Das wird natürlich nur für jene von Ihnen halbwegs interessant sein, die sich die deutschen Untertitel dazu denken können – was nebenbei auch nicht in jedem Fall einfach sein dürfte. Aber vielleicht haben auch Sie englisch-sprechende Menschen in ihrer Bekanntschaft. Die dürfen Sie gerne per Mail mit meinen Elaboraten bekannt machen. Irgendwann will ich schließlich auch mal in der New Yorker Carnegie-Hall auftreten – immer hoffend, dass man in Amerika überhaupt englisch spricht, was George Bernard Shaw einst heftig bestritt. Wie dem auch sei: Vermehren Sie gefälligst meinen Weltruhm!
Watch out! Watch out!
There is a German around!
I.
„German humor“: With this frightening topic I announced to you my lecture today. And with Anglo-Saxon bravery – feared throughout the world – you face the enemy intrepidly. Well, you possibly know this old joke how to imagine the worst of all hells. In this joke some of the most wonderful European prejudices are nicely assembled.

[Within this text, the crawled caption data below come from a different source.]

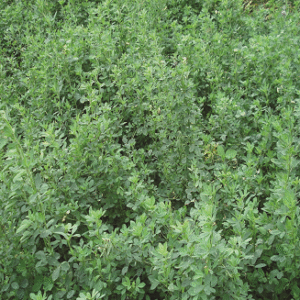 Lucern Alfalfa (1kg)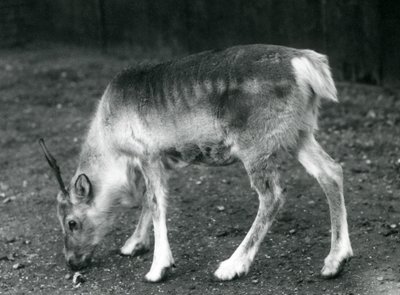 Un giovane renna allo Zoo di Londra, 1925 da Frederick William Bond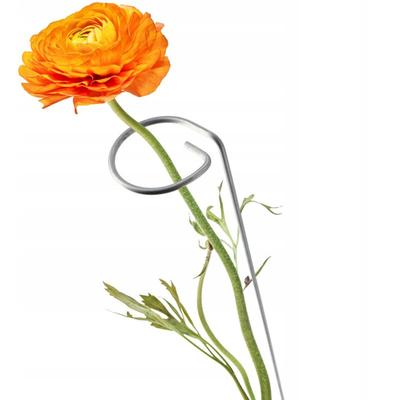 Kadax - Pflanzehalter aus Stahl pulverbeschichtet, Blumenstütze, Rankhilfe, 60 cm Image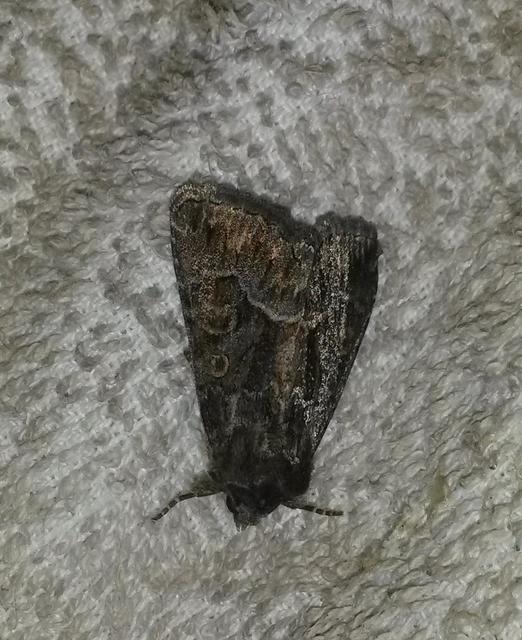 Thalpophila matura - fakó erdeibagoly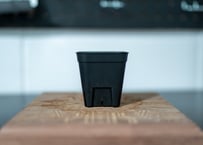 プレステラ７５型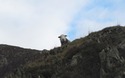 Schaap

That’s the joke: The worst of all hells would be a hell where the Italians run the government and where the French are responsible for marriage and conjugal fidelity, the English for the cooking and the Germans for humor.
Now times have changed – at least concerning two things, as well the German humor as the English cooking. And I think, that I’m qualified enough to give a competent judgement on both examples of former underdevelopment.
II.
Very often I dined with English friends and in English inns. And I have to say: It wasn't that bad. And that is the highest praise a Berliner can give. Today even fish and chips can be enjoyable sometimes. In ancient times it was not only a culinary crime, but an environmental disaster, an oily smelling cloud of mist hanging all over the island, a real breathtaking experience, much worse than the Brexit is today, even though the performance on the political stage in England also takes your breath away, makes you suffering from typical English asthma – thinking of the Trio Infernale Boris Johnson and Dominic Raab and the Sleeping Beauty Jacob Rees-Mogg.

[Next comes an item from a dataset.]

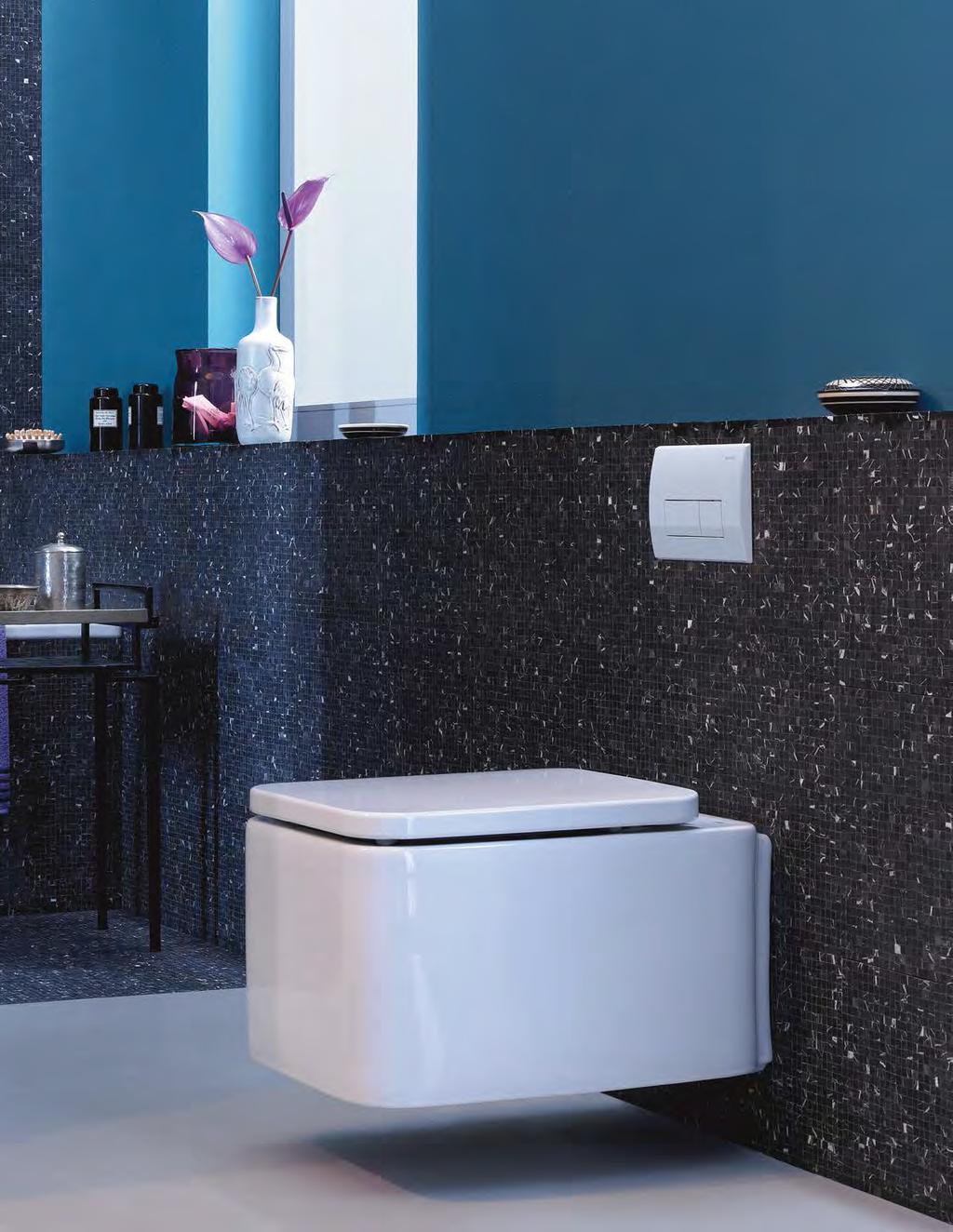 On the cover: Lacava Trevi toilet with Samba flush plate in polished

I think, Fish and Chips was an archaic relic from the time of the worst famines on the imperial island. In the early 17th century the great merciless satirist Jonathan Swift presented a special recipe collection to the poorhouse authorities with the purpose to end the hunger as well as to solve the problem of orphan babies and the older homeless children gangs of thieves strolling through the lanes. These were recipes for the preparation of tenderly roasted baby meat and juicy children loins. And for a long time the English poor feeding has remained faithful to this tradition of delicacy, so that also today it is sometimes better in some pubs not to inquire at all what you get between your teeth.
III.
But the better English cuisine has now developed into the most delicate. And the same can be said of German humor, which was once just as unpalatable. But also today it often sinks beyond the low-tide level of the stomach, that means: far below the belt-region. The brain – parted in two hemispheres like the bumcheek-splitted ass – slips deeper and deeper, until it can reunite with the splitting image of itself. Not only a German re-unification.

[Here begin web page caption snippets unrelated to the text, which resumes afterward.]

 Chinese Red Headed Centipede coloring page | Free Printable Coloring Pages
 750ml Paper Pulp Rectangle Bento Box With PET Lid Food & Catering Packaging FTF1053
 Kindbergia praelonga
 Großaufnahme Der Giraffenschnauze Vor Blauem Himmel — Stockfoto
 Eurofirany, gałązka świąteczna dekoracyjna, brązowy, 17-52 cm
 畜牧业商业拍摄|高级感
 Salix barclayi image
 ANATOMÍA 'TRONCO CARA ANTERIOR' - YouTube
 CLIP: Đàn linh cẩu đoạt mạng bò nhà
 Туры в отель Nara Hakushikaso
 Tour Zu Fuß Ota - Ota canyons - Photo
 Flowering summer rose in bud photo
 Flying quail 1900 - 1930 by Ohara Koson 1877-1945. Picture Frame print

Well, I must concede that the English gave some development aid to German humor. Not only the Monty Pythons had great success on German screens und influenced many comedians. On our television even became a British comedy sketch in original English and without subtitles a national cultural institution which every New Year's Eve since 1963 has been repeated endlessly on most German TV-channels. A cult show that hardly anyone in Britain knows about. The title: „Dinner for one“ with the late and in his home country long forgotten comedian Freddi Frinton. A New Year’s Eve without watching „Dinner for one“ in a circle of friends and acquaintances would be for most Germans like Christmas without a Christmas tree.
IV.
But speaking of English Comedians I must admit that not every clown acting in your country I want to be imported to my country. Let us pray that the Lord will hopefully launch a terrible lightning bolt soon – directly on Clowning Street Number 10 and that then a mighty wrathful voice will sound from the sky with the only thundering call: „Oooorder!“
Otherwise the megalomania of this coming execution of reason, decency and friendly neighborhood can hardly be stopped: a Brexecution on the scaffold of the dangerously spreading nationalism, in which many voters have guillotined themselves. So a lot of people walk to the polls with their head under their arm. No wonder then when it comes to a headless decision and the only head left is that of Boris the Executioner.
V.
In Germany we also have enough problems with voters. Far too many of them make their cross in the polling cabin well knowing that this cross has a hook and even when there are three hooks still missing, this cross is nearly about to turn into a swastika.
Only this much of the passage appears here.